Although we don’t readily associate tears with positive emotions, the two actually coincide quite a lot. People will cry when they reunite with a loved one, muscle-bound footballers will break down in tears when the full-time whistle sounds and they have won the championship, onlookers will tear up at a wedding even when they want the couple to be together, relatives will cry as they greet a new-born baby and fans will weep as their rock idol walks on stage at a concert. Equally, there are times when negative emotions can provoke positive reactions, such as when we are so nervous that we laugh. So what is going on here?
To study this, Yale University researchers exposed people to scenarios like those mentioned above and measured their responses to everything from cute babies to happy reunions. Their testing found that people who express negative emotions in response to positive news were able to moderate intense emotions more quickly. They also found that people who cry at a reunion are also more likely to want to pinch a cute baby’s cheeks.

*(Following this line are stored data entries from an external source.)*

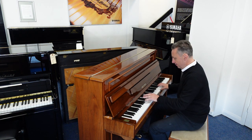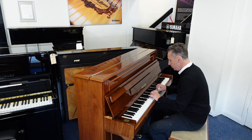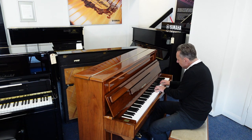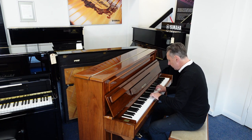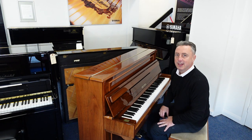But what a lovely tone. It's a lovely piano.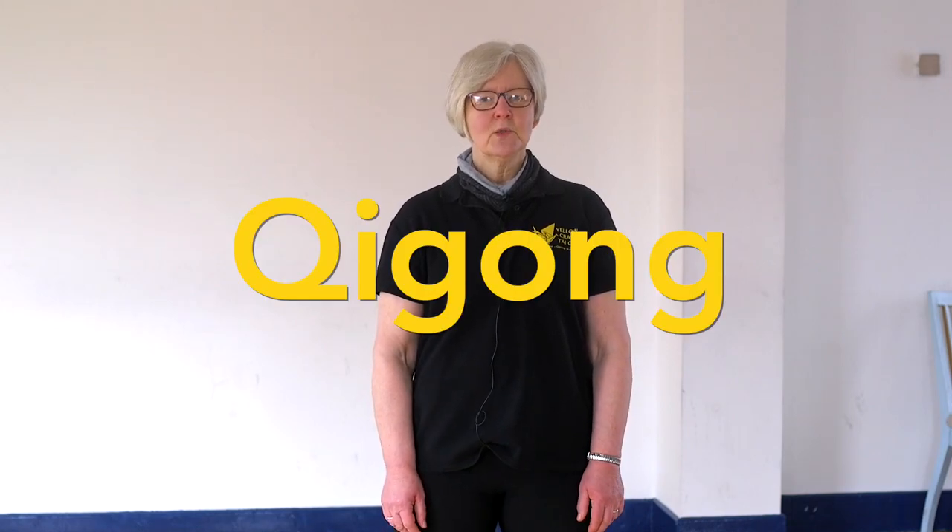Hi, I'm Fiona Jennings from Yellow Crane Tai Chi here in Belfast, and we're going to do a session today of Qi Gong. So what is Qi Gong? Qi Gong is sometimes called the grandmother of Tai Chi. Tai Chi is several hundred years old, Qi Gong is certainly several thousand years old — maybe three or four thousand years old.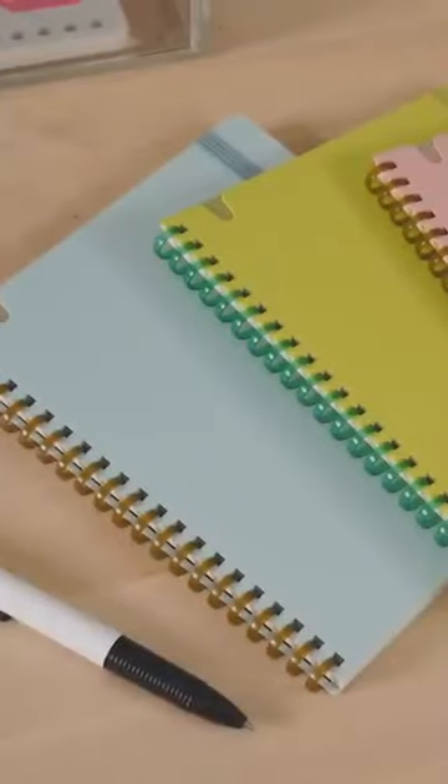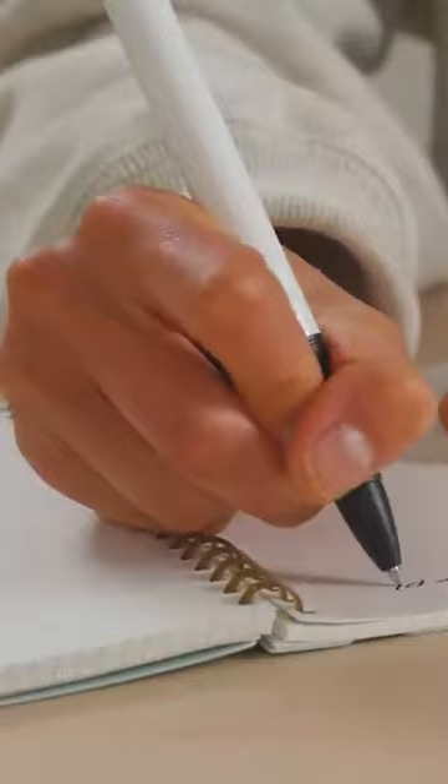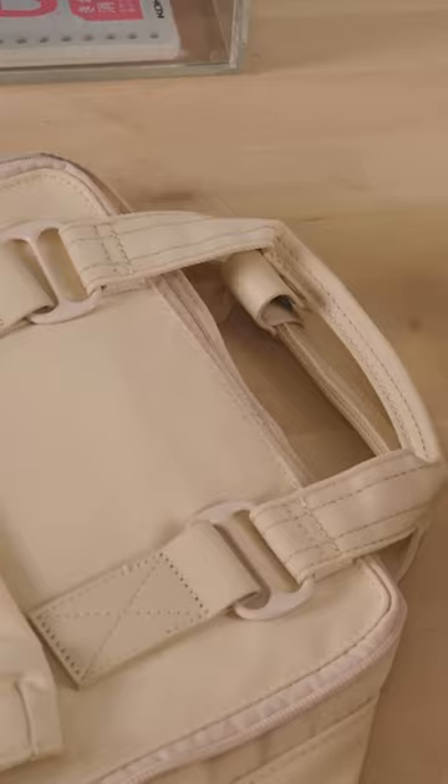Kokuyo Sufa SoftRing Notebooks boast squishy plastic rings that won't dig into your arm or hand when you're writing. Unlike metal rings, they won't get bent out of shape or scratch other items in your bag.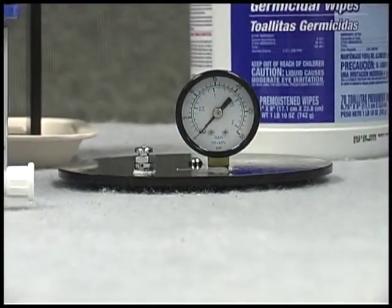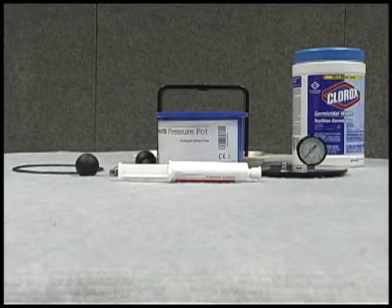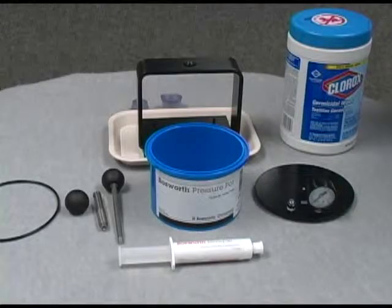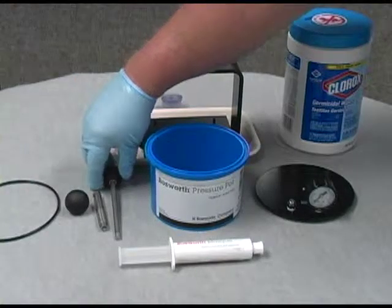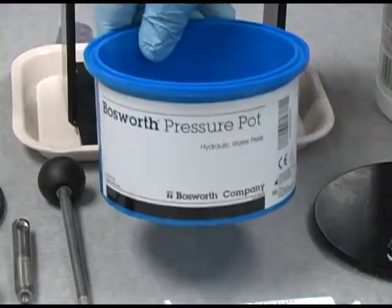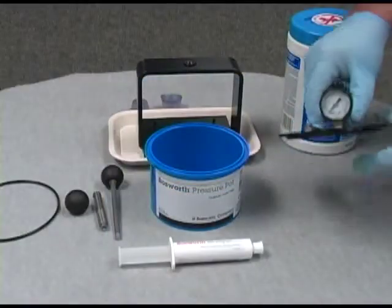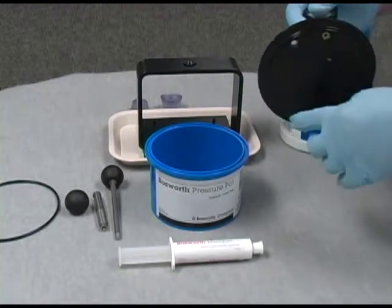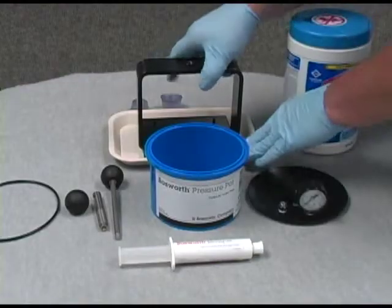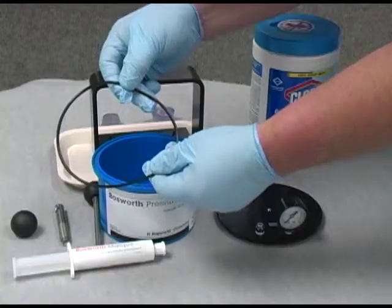It does not require electricity and it is easily portable from operatory to operatory. Your pressure pot includes a screw handle, a pot, a pot lid with a pressure gauge and a ballast feature, a frame, and an o-ring gasket.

So people who have a tendency to express negative emotions at positive news tend to do this all the time. The findings suggest that these people are actually able to deal more effectively with their emotions, leading the researchers to conclude that tears of joy, as an example, are actually a mechanism to restore emotional equilibrium when emotions are intense.
Embrace those tears; they aren’t just tears of joy, they are liquid emotional balance.